Randomization (Principles of Experimental Design)
Uses chance to assign the subjects to the treatments.
Completely Randomized Design
All units are allocated to all of the treatments randomly
Randomized Block Design
Units are blocked and then randomly assigned in each block –reduces variation
Matched Pairs Design
Are matched up units by characteristics and then randomly assigned. Once a pair receives a certain treatment, then the other pair automatically receives the second treatment. OR individuals do both treatments in random order (before/after or pretest/post-test).

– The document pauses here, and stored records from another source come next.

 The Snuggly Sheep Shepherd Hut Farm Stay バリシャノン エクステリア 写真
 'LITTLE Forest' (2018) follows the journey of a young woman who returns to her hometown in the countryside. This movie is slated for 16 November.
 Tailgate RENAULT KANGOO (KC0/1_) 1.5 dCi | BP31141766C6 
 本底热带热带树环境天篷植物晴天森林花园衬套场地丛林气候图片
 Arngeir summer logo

Assignment is dependent
Confounding Variables
Are where the effect of the variable on the response cannot be separated from the effects of the factor being tested – happens in observational studies – when you use random assignment to treatments you do NOT have confounding variables!
Random Variable
A numerical value that depends on the outcome of an experiment.
Discrete Random Variable
A count of a random variable
Continuous Random Variable
A measure of a random variable
Discrete Probability Distributions
Gives values & probabilities associated with each possible x.
Fair Game
A fair game is one in which all pay-ins equal all pay-outs.
Binomial Distributions
Two mutually exclusive outcomes, fixed number of trials (n), each trial is independent, the probability (p) of success is the same for all trials,
Random variable (Binomial)
Is the number of successes out of a fixed # of trials. Starts at X = 0 and is finite.
Geometric Distributions
Two mutually exclusive outcomes, each trial is independent, probability (p) of success is the same for all trials. (NOT a fixed number of trials)
Random Variable (Geometric)
When the FIRST success occurs. Starts at 1 and is ∞.